Cualquiera que lea esto sabe en qué situación se encuentra el Hijo de Dios. Y no es, precisamente, buena aunque, en realidad, lo sea…

Está en la cruz y a punto de morir.

El caso es que había pedido a Dios que perdonara a los que  lo estaban matando. En realidad, es bien cierto que no sabían lo que estaban haciendo porque, de haber sabido y reconocido que aquel hombre que les habían traído para crucificarlo era el Hijo de Dios, se hubieran cuidado mucho de matarlo de aquella forma. Pero ellos, al menos ellos, no sabía y eran perfectos ignorantes de la situación en la que se les había puesto.

Pues bien, aquel hombre, aquel Maestro que había hecho todo lo posible para que se comprendiese que era el Mesías (digamos que con poco éxito) estaba a punto de morir.

En aquella situación, a cualquiera se le ocurren muchas cosas que podía haber dicho. Pero Él sabe que debe hacer lo que es necesario para que su labor, hecha a lo largo de, al menos, tres años, pueda continuar.

Allí están pocos de entre los suyos.
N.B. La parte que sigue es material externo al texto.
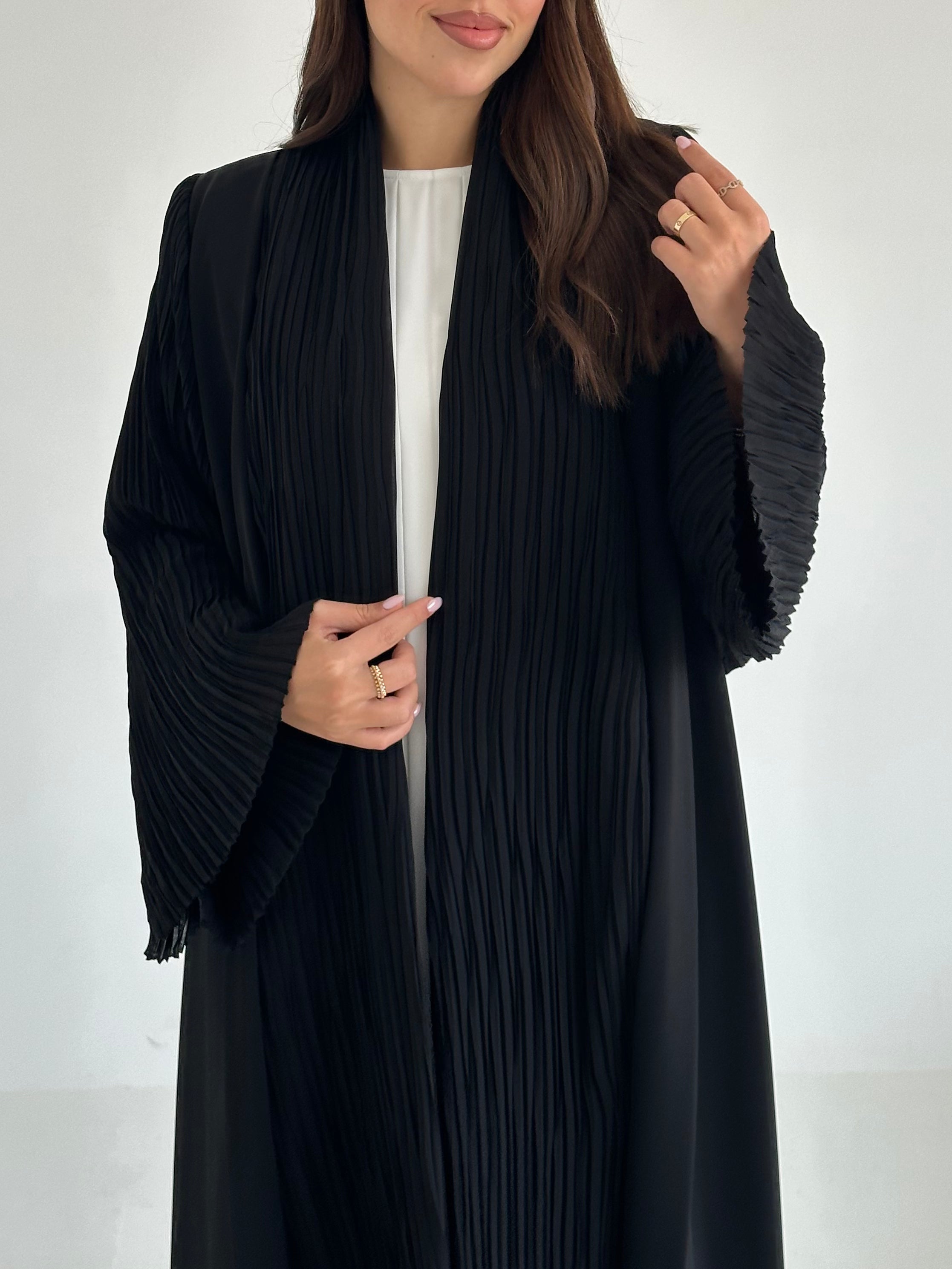 C 2587 Black Pleated Abaya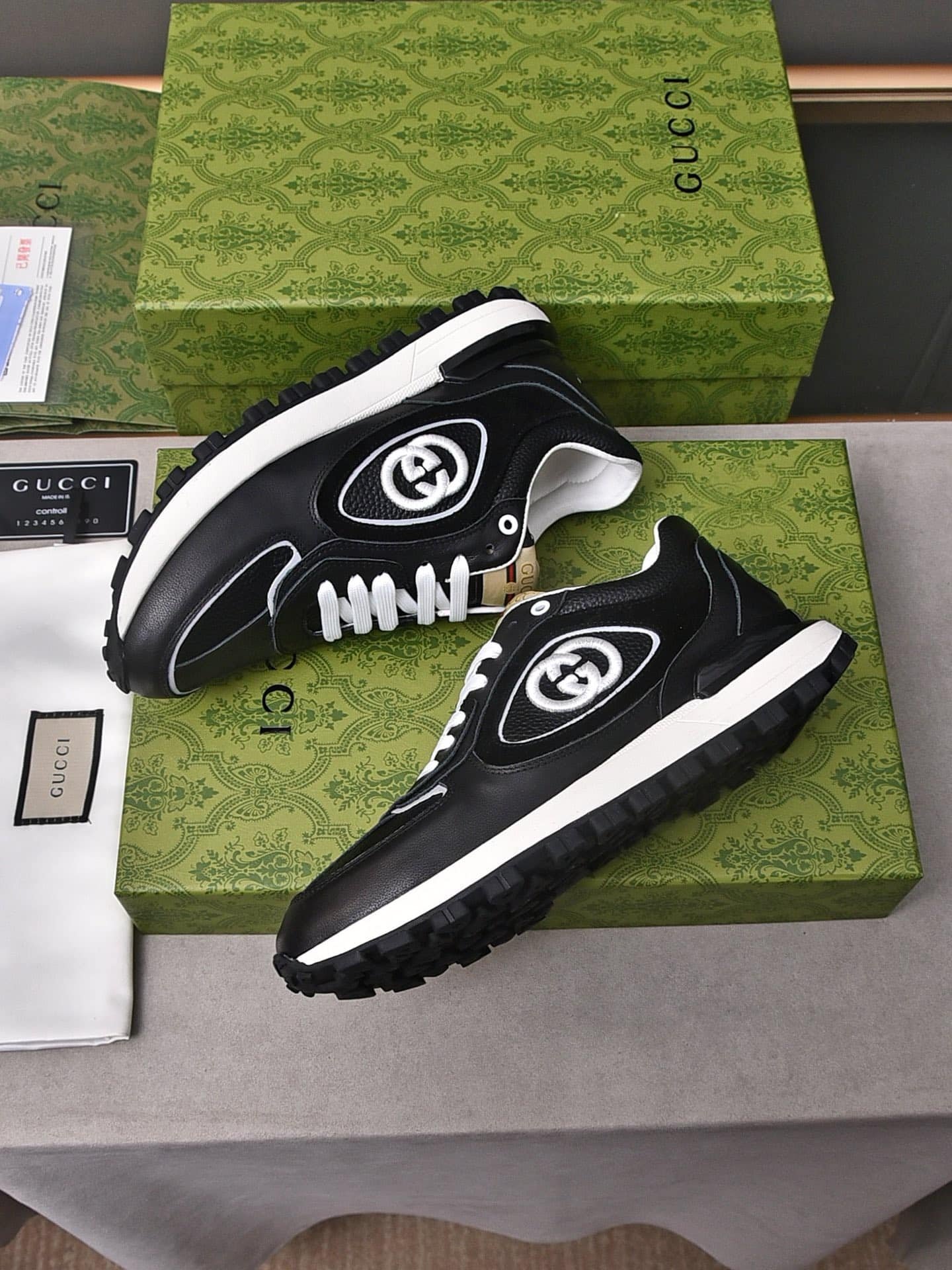Gvc*1 Double G Men’S Run Sneaker Black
Algunas mujeres, entre ellas María, su Madre y Juan, el discípulo más joven y el que menos miedo tuvo en aquellas terribles y peligrosas circunstancias.

Nosotros sabemos que, a través del bautismo pasamos a ser hijos de Dios, espiritualmente hablando y eso nos hace propicios para alcanzar la vida eterna. Estamos, por así decirlo, en la casilla de salida de una carrera que, a lo largo de nuestra vida, nos puede llevar al definitivo Reino de Dios  o, al contrario, podemos salirnos del camino que forma tal carrera.

Jesucristo quería lo mejor para sus hermanos los hombres. Y lo quería porque su amor ellos, por nosotros, era tan grande que iba a terminar dando su vida por cada uno de los que Dios le había entregado.

¿Qué hacer?

Seguramente, muchas cosas pasaron por el corazón de Jesucristo en aquel momento. Pero lo que tenía más a mano, podemos decirlo así, era su Madre. Y muy cerca a ella estaba Juan, el hermano de Santiago, uno de los Zebedeos a los había llamado “Boanerges” por ser muy impetuosos.

Lo que, entonces, hace Jesucristo, en aquel momento casi final de su vida en el mundo, ha sido un regalo y un don más que grandes. Y es que hace hijo de María a Juan.

Esto, dicho así, podría parecer que sí, que hacía hijo de María a Juan pero que ahí quedaba la cosa.

Sin embargo, aquí no hablamos sólo de personas, como individuos queremos decir, sino que está en juego una categoría muy grande: el ser humano. Aquí se jugaba mucho más que el bien de un discípulo, por muy amado que fuera por Jesucristo.

Lo que queremos decir es que, gracias a las palabras que pronuncia el Hijo de Dios en sus últimos momentos de vida,  la madre para a ser la Madre y el discípulo pasa a representar a todos los hijos de Dios.

Vemos, por tanto, que aquellas palabras acerca de María y de Juan valen tanto que abarcan a toda la humanidad. Y que nunca agradeceremos bastante aquello también es cierto. Por eso somos hijos de María.